6

The Goal:

To debug a Python application in PyCharm, where I set the interpreter to a custom docker image, using Tensorflow and so requiring a GPU. The problem is that PyCharm's command-building doesn't offer a way to discover available GPUs, as far as I can tell.

Terminal - it works:

Enter a container with the following command, specifying which GPUs to make available (--gpus):

docker run -it --rm --gpus=all --entrypoint="/bin/bash" 3b6d609a5189        # image has an entrypoint, so I overwrite it

Inside the container, I can run nvidia-smi to see a GPU is found, and confirm Tensorflow finds it, using:

from tensorflow.python.client import device_lib
device_lib.list_local_devices()
# physical_device_desc: "device: 0, name: Quadro P2000, pci bus id: 0000:01:00.0, compute capability: 6.1"]

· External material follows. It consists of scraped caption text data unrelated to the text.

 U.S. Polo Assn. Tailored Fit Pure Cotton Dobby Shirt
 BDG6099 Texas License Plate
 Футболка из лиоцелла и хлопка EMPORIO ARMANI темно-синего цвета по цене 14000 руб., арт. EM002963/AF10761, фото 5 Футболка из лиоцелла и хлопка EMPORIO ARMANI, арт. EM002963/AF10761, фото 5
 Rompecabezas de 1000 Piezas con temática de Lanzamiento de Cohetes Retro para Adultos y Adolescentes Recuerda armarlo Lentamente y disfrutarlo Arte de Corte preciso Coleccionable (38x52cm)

If I don't use the --gpus flag, no GPUs are discovered, as expected. Note: using docker version 19.03 and above, Nvidia runtimes are supports natively, so there is no need for nvidia-docker and also, the docker-run argument --runtime=nvidia is also deprecated. Relevant thread.

PyCharm - it doesn't work

Here is the configuration for the run:

configuration

(I realise some of those paths might look incorrect, but that isn't an issue for now)

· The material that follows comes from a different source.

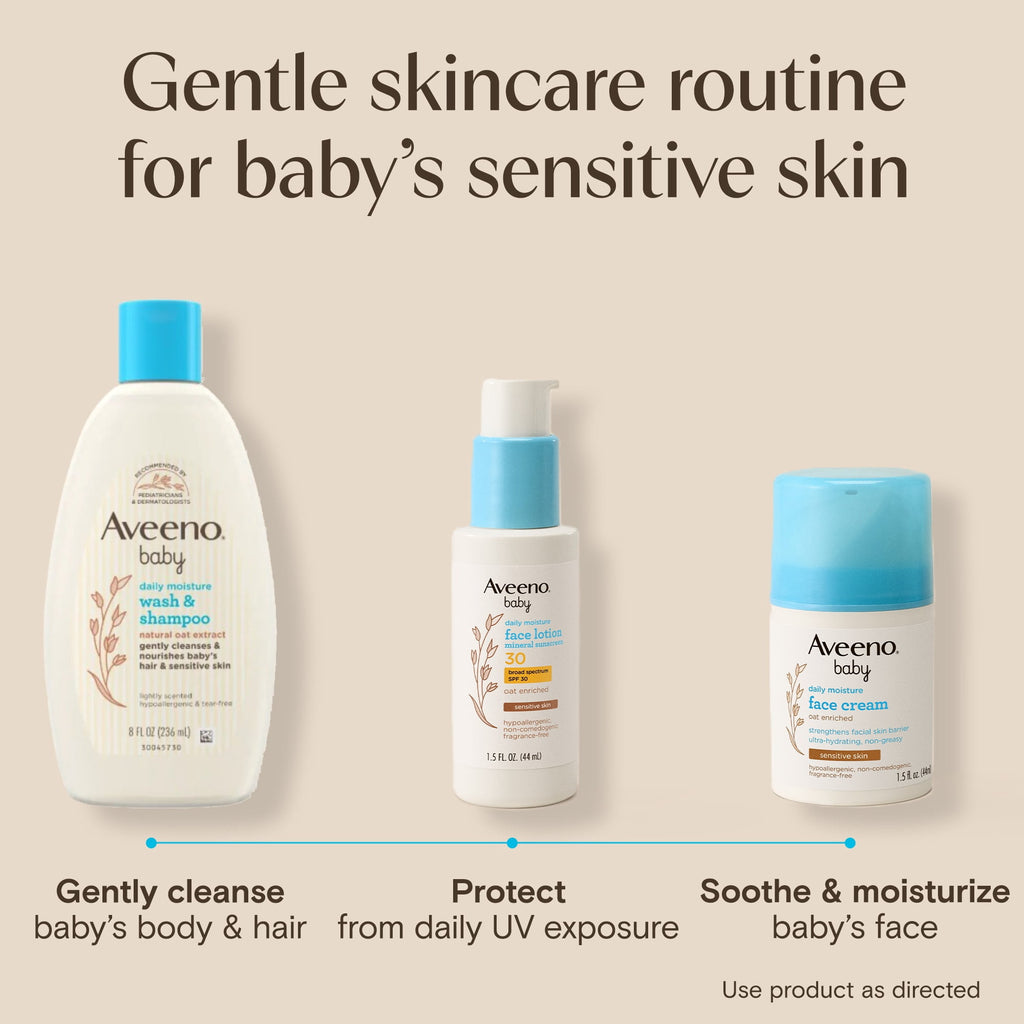 Aveeno Baby Daily Moisture Sunscreen Face Lotion, SPF 30, 1.5 fl. oz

I set the interpreter to point to the same docker image and run the Python script, set a custom LD_LIBRARY_PATH as an argument to the run that matches where the libcuda.so is located in the docker image (I found it interactively inside a running container), but still no device is found:

error message

The error message shows the the CUDA library was able to be loaded (i.e. is was found on that LD_LIBRARY_PATH), but the device was still not found. This is why I believe the docker run argument --gpus=all must be set somewhere. I can't find a way to do that in PyCharm.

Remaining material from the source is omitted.